** Opening Records to use block **

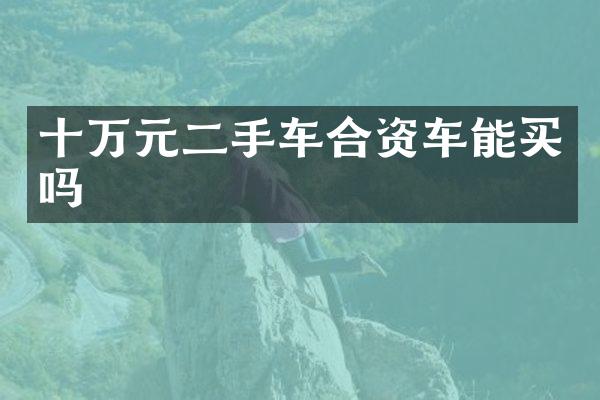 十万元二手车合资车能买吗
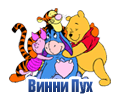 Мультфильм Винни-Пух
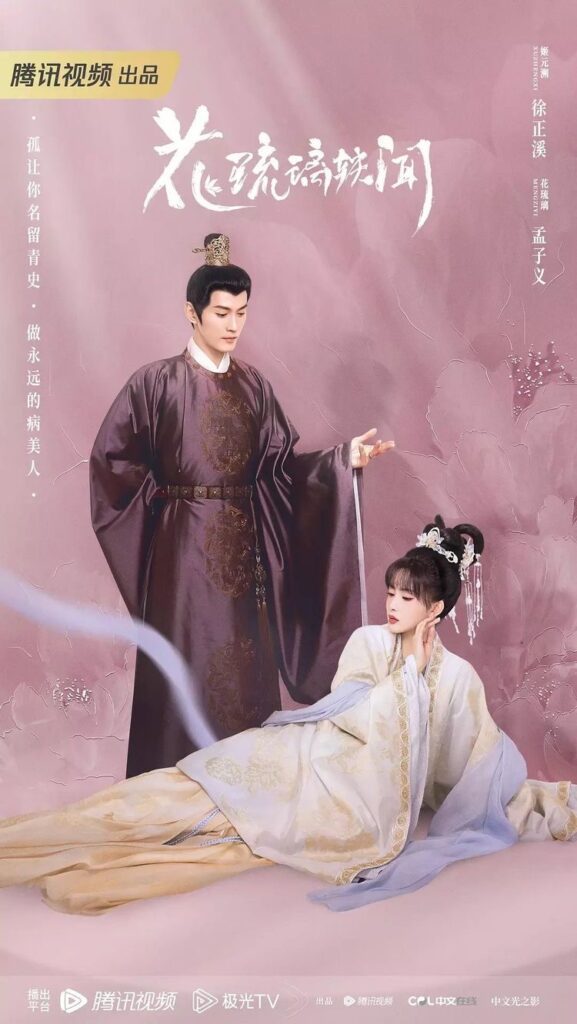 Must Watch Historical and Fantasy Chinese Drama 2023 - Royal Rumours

** Closing Records to use block **
** Opening Records to use block **

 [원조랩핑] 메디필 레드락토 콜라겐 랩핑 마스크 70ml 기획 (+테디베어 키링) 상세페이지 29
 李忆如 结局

** Closing Records to use block **

What you are asked to do >> Transcribe, word for word, the stretch of lines in the data above from the one with "十万元二手车合资车能买吗" through the one with "Must Watch Historical"; omit all pictures.

Answer for this exercise >>
 十万元二手车合资车能买吗
 Мультфильм Винни-Пух
 Must Watch Historical and Fantasy Chinese Drama 2023 - Royal Rumours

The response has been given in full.